En cierta medida el opuesto de las ciudades italianas es Viena. Ahí, una noche, en un bar, después de haber pasado el día entre los Brueghel del Kunstmuseum, ve a un hombre sentado. Solo delante de su copa. Rodeado por el silencio y el frío de la ciudad que, quizás, había producido la mayor densidad de locura y genialidad de Europa por metro cuadrado. Ahí escucha cómo su mujer le dice que “este es un lugar del mundo lindo para morirse”. Está de acuerdo. Es que la capital austríaca, tan imperial, es portadora de una belleza casi ominosa. Podría haber encontrado otra ciudad de haberse internado en sus barrios en busca de los complejos de viviendas construidos en los años 1920 y 1930, aquellos de la “Viena roja” que aún hoy brindan a sus habitantes apartamentos a salvo de la especulación inmobiliaria. No hay en su obra testimonio de que lo haya hecho. El mundo es tan ancho que incluso para alguien como él, que se esforzaba por que dejara de serle ajeno, resulta inabarcable.
Al volver a Montevideo se instala en una calle secundaria del Buceo, en una zona de clase media a pocas cuadras de la rambla. Montevideo son los amigos, el fútbol, la rambla y los cafés, pero necesita irse a menudo. Así que su geografía se sigue ampliando. No sólo en los libros, que van dejando los límites latinoamericanos de Las venas... y Memoria... para universalizase en Espejos y Los hijos de los días, por ejemplo. También en los viajes, en los que siempre trata de rizar el rizo de lo habitual, aunque no lo dejen salir del todo de esa cápsula que el entorno le impone a la celebridad que ya era. A veces logra escapar un poco, como en la ocasión en la que estando en República Dominicana se va por tierra hasta Haití. Otras son “aventuras contenidas”, como cuando es jurado en el festival de cine que se hace en los campamentos de refugiados de los saharauis, en pleno desierto, o las estadías en Chiapas con los zapatistas. Sin embargo, hay un viaje en particular –el que hace en 2003, totalmente por la libre, solos él y Helena– que es el que completa el ciclo de su geografía. Aunque no haya estado ni cerca de ser el último.
Hacía tiempo que quería seguir la ruta de Ulises, la que narra Homero en la Odisea, así que aprovecha que está en Turquía –los turcos alucinan con la prosa de Galeano y buscan y tranzan sus libros en todas partes– para tomar ese país como punto de partida.

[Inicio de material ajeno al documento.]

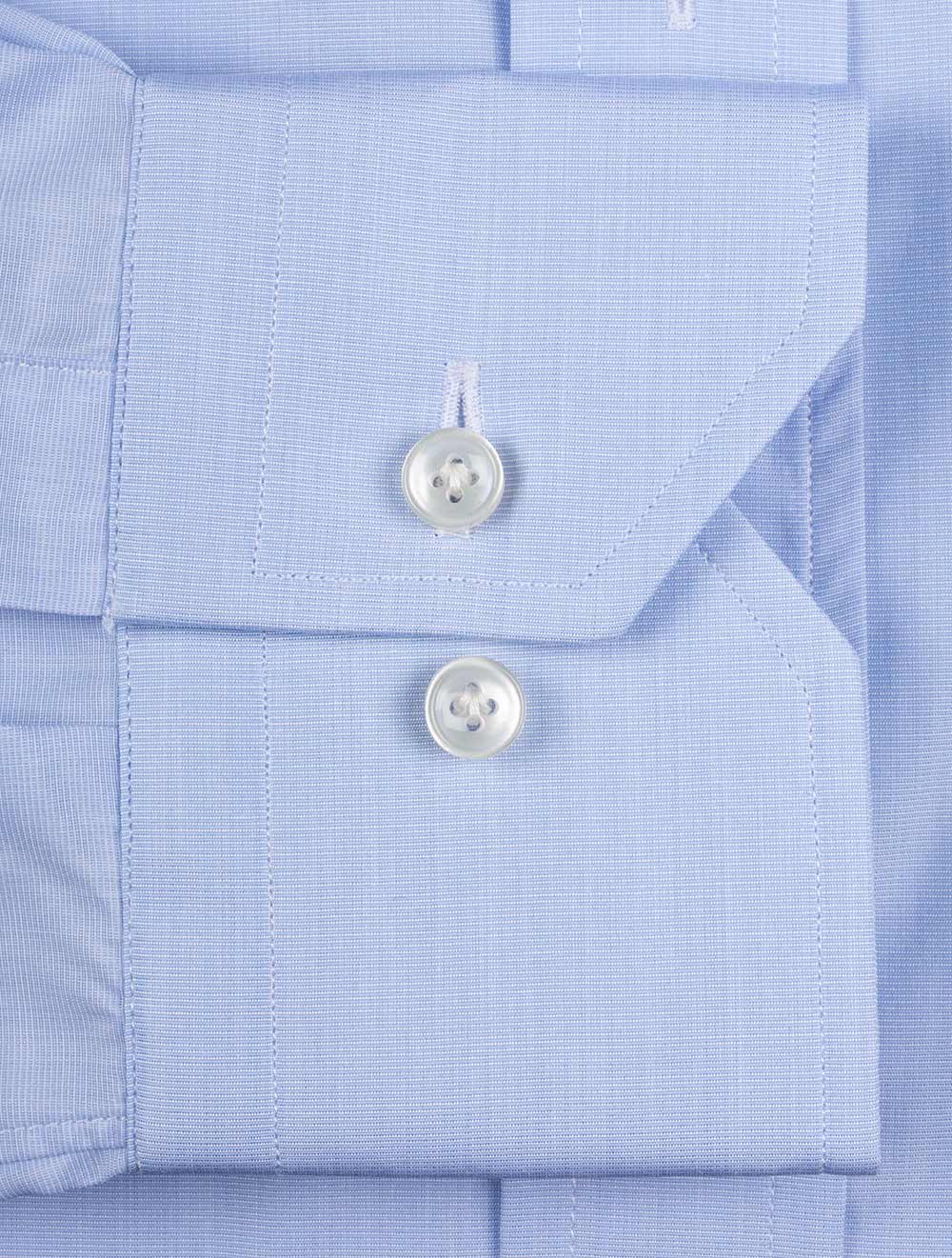 Louis Copeland Classic T.Mason Plain Shirt Blue AI3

Entran en una agencia de viajes de Estambul, elegida al azar, sólo porque está ahí, al alcance de la mano en el momento en que acaban de decidir “lo hacemos”. ¿Avión? “No, barco, Ulises no volaba”, ha de haber pensado con ironía al elegir el camino largo hacia Grecia, como es debido.
Al llegar a Ítaca, días después, no hay nadie. Ya había terminado la temporada. Mejor así. La disfrutan casi solos. Pero está Ítaca. Que es la de Homero y también la de Konstantínos Kaváfis, su poeta preferido. En ese viaje Galeano tiene el primer empuje de la enfermedad que terminará matándolo en 2012. Pero la tose y la expulsa. Todavía le queda mucha vida por delante. Casi un decenio más para seguir fatigando el mapa.
Roberto López Belloso, director de Le Monde diplomatique, edición Uruguay, autor de Eduardo Galeano, un ilegal en el paraíso (Siglo XXI, 2016). Este artículo es una adaptación de un texto más extenso sobre Galeano.